Work instructions: Beginning at the line that holds "Mini Zoo PMII", repeat every line through the last line of the material, exactly, and drop any pictures.

*** Opening Data block ***

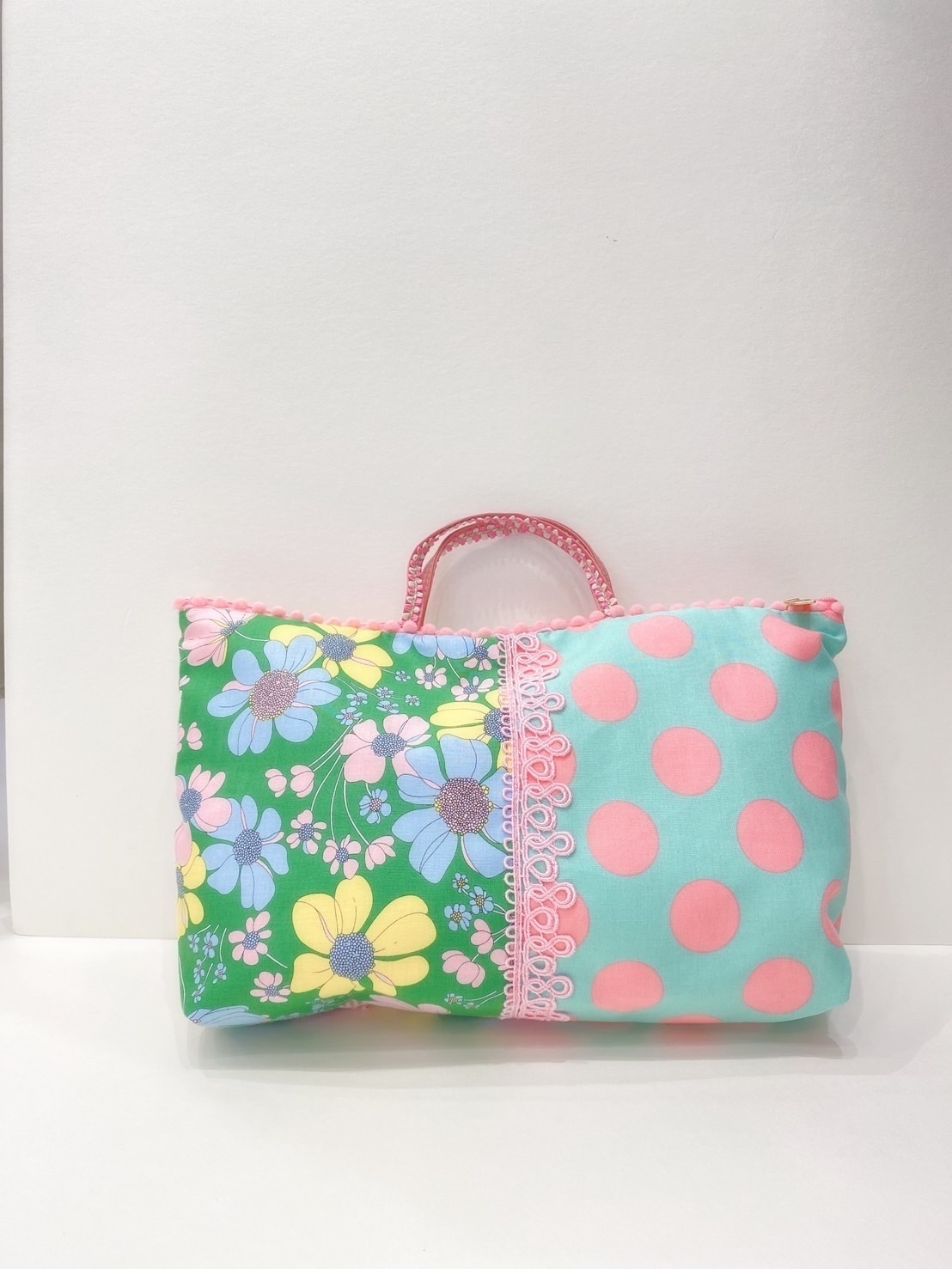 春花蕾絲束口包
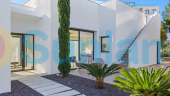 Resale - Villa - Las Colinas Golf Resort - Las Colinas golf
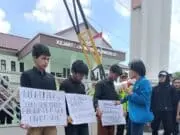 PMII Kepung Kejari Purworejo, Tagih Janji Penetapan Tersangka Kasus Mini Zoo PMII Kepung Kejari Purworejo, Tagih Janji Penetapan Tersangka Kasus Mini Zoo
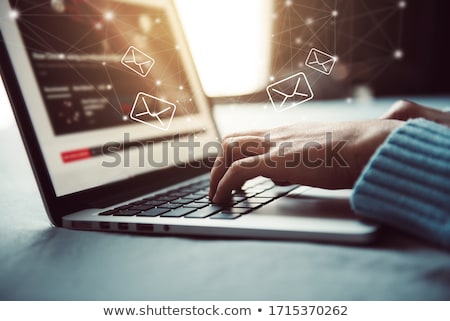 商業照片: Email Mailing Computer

*** Closing Data block ***

Answer to this task:
 PMII Kepung Kejari Purworejo, Tagih Janji Penetapan Tersangka Kasus Mini Zoo PMII Kepung Kejari Purworejo, Tagih Janji Penetapan Tersangka Kasus Mini Zoo
 商業照片: Email Mailing Computer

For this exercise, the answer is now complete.